Zeigt auf den Biberbau in der Steinrieselmatte: Wanderleiter und Birsexperte Urs Campana. Foto: Jürg Jeanloz
Zeigt auf den Biberbau in der Steinrieselmatte: Wanderleiter und Birsexperte Urs Campana. Foto: Jürg Jeanloz

Der Birskenner und ehemalige Fischereipräsident Urs Campana bringt es gleich zu Beginn des Rundgangs auf den Punkt: «Unsere Auenlandschaften, Regenwälder der Schweiz, sind mächtig unter Druck.» Es gelte Sorge zu ihnen zu tragen und die Artenvielfalt zu schützen. Ab Bahnhof Zwingen startet die Gruppe entlang der Lüssel Richtung Etzmatt. Ein erster Hingucker verkündet Franziska Borer mit dem Hinweis, dass unter der Eisenbahnbrücke Wasseramseln genistet haben. Umso enttäuschender ist die Etzmatt, wo das einjährige Berufkraut, die Kanadische Goldrute und der Sommerflieder, alles invasive Pflanzen, das Ödland in Besitz genommen haben. Bei der Einmündung der Lüssel in die Birs kommt Campana richtig in Fahrt. Wir überqueren den Restwasserkanal der Birs, der 1500 Liter Wasser pro Sekunde führt und Fische wie die Äsche, Barbe oder Strömer beherbergt. Weiter wandern wir zum Kanal, wo das Kraftwerk Obermatt neu gebaut und auf Drängen der Fischer auch eine Fischtreppe eingebaut wurde. «Endlich ist auch Zwingen lachsgängig», hören wir Campana sagen. Das geplante zweite Kleinwasserkraftwerk Grossmatt sei nach vielen Einsprachen und Gerichtsentscheiden gebodigt. Das Hochwasser im August 2007 hat in Zwingen grossen Sachschaden angerichtet, weshalb zwei Entlastungskanäle zwischen Kraftwerkkanal und Birs geöffnet wurden.

Entlang der Birs

Wir gehen um das Schloss herum und erfahren, dass in den Schiessscharten Turmfalken nisten. Allerdings machen die Gänsesäger (Entenvogel) den Falken die Höhlen streitig. Entlang der Hauptstrasse beobachten wir den Wasserfall, wo aber das Hochsteigen der Fische kein Problem ist.
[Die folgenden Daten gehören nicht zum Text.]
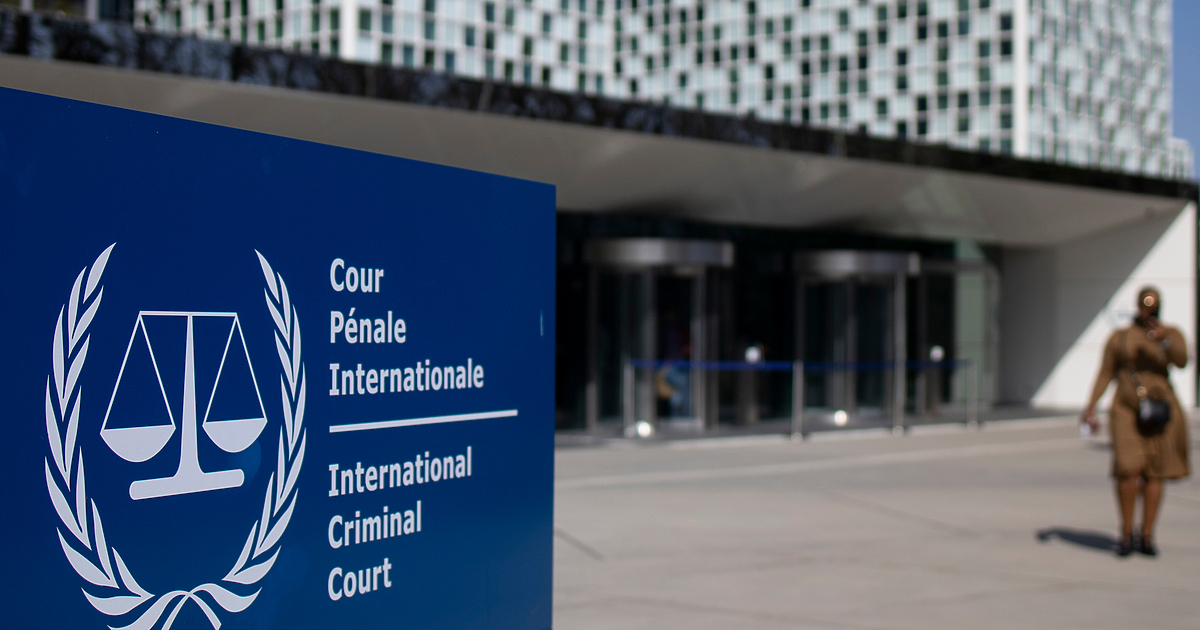 Международният наказателен съд (МНС) в Хага издаде заповеди за арест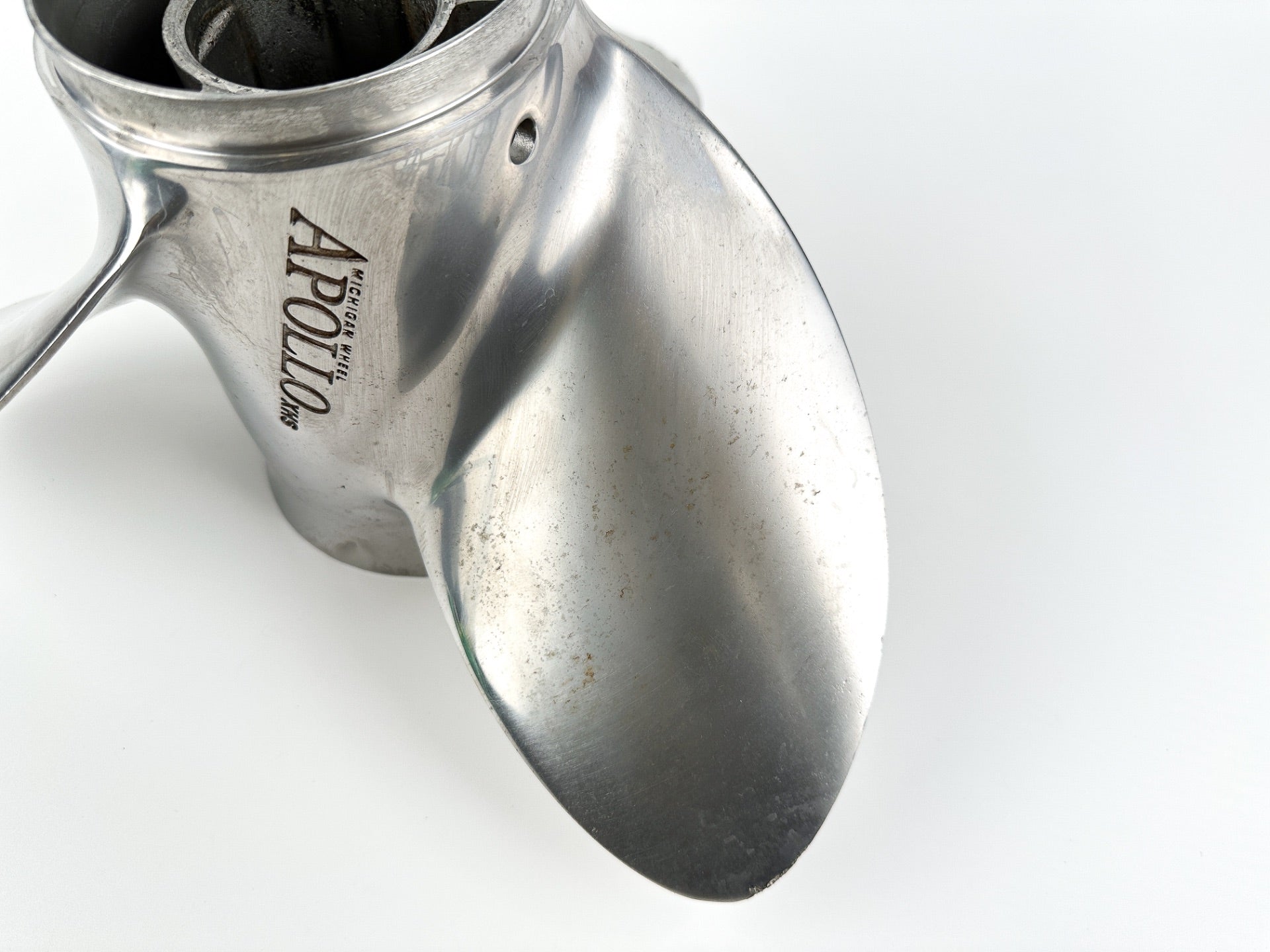 Michigan Wheel Apollo 3 Blade Stainless Steel Prop Propeller 15 1/2" X 17P RH
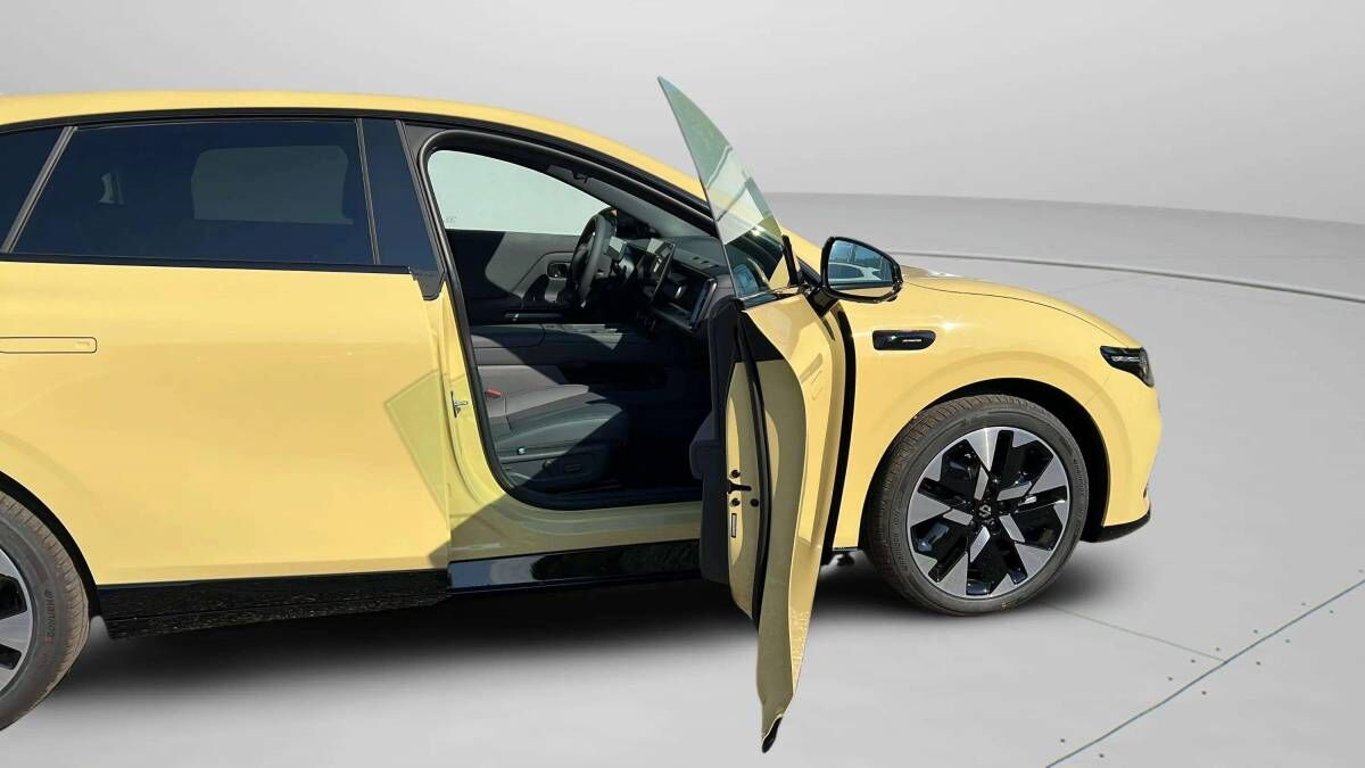 B05 DESIGN 218k, 67,1kWh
Beim Golfplatz angelangt empfiehlt Campana, die mächtigen Bäume an der Birs zu bewundern. «Jeder Baum ist ein riesiges Biotop mit vielen Kleinlebewesen», schwärmt er.

Steinrieselmatte

Endlich sind wir in der Steinrieselmatte angelangt. Ein lauschiger Ort, wo die Birs beidseitig mit Bäumen und Büschen bewachsen ist. Kleine Inselchen und Uferverbauungen machen den Fluss zu einem einzigartigen Biotop. Auen müssen immer wieder überschwemmt werden, damit seltene Pflanzen und Tiere dort ihre Lebensgrundlage finden. Eine Biberfamilie hat sich an diesem Ort ebenfalls niedergelassen. In der Dämmerung und in der Nacht fällen die Nager junge Weiden, um ihr Heim herzurichten und zu sichern. Als Vegetarier fressen sie Weidenrinde, Knospen, Blätter, Löwenzahn, Brennnesseln und andere Pflanzen. «Auengebiete sind nie abgeschlossen und wir versuchen durch natürliche Massnahmen, sie zu erweitern und zu schützen», sagt Campana. Nebenbei bemerkt er, dass er soeben den kurzen scharfen Pfiff eines Eisvogels gehört habe. Gerne hätten wir den farbenfrohen Vogel auch gesehen. Die vom WWF Solothurn und WWF Region Basel organisierte Wanderung wurde schliesslich mit einem gemütlichen Hock in der Fischerhütte Schälloch der Fipal abgeschlossen.